As demonstrated before, we utlise the CVInvoke.EqualizeHist(image, image) to normalise the image attributes - brightness and contrast.
Importantly, we utilise the .Predict() method, which takes in an image and predicts the label attribute of the image based on the previously provided training images to the eigenFaceRecognizer object. If a face is detected, we will successfully pass the if check and display the image of the individual through a Windows Form PictureBox. Then we assign the person’s name to the face based on the predictionResult Label field. After this we simply place some text identifying the person’s name utilising CvInvoke.PutText.
Project Demonstration
The below image shows the final result of the program.

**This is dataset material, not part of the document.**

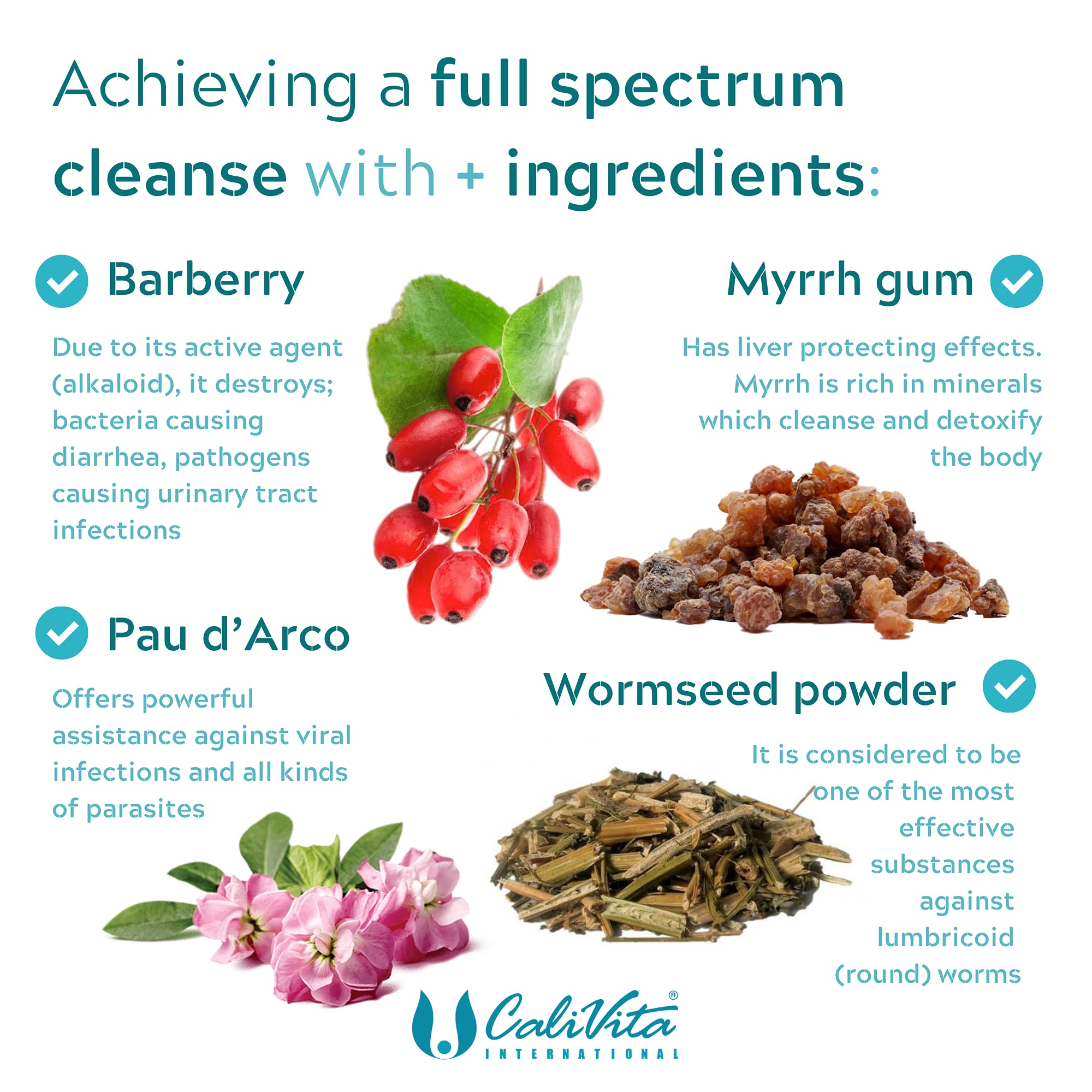 ParaProtex Intestinal Parasite Cleanse Tablets Natural Vegan Detox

The three buttons located on the left-hand plane are responsible for all the core program features.
- Video Camera Capture - opens the currently connected webcam
- Save Image - saves a frame from the camera stream and trims the image region to the individual face
- Scan Faces - Enables face detection based on the saved images
After entering a name into the text-box field and saving the image via the Save Image button you are able to use the Scan Faces button and see that the facial recognition is now able to determine who you are!
Conclusion
It is quite clear that through utilising a pre-existing .NET wrapper library to the open source computer vision library, OpenCV, we are able to achieve facial recognition with minimal code, as a lot of the complexity is abstracted away from us due to leveraging the Emgu CV library. This, in tandem with the already optimised XML data set results in us needing only to invoke/call the necessary functions provided by Emgu CV.
In developing this facial recognition program I have not yet been able to implement the Azure Face API. This was primarily due to the restrictions of certain features I wanted to employ. The detection of face attributes, such as, smile, hair colour, facial hair, etc. is currently being limited to Microsoft managed customers and partners due to the responsible AI principles.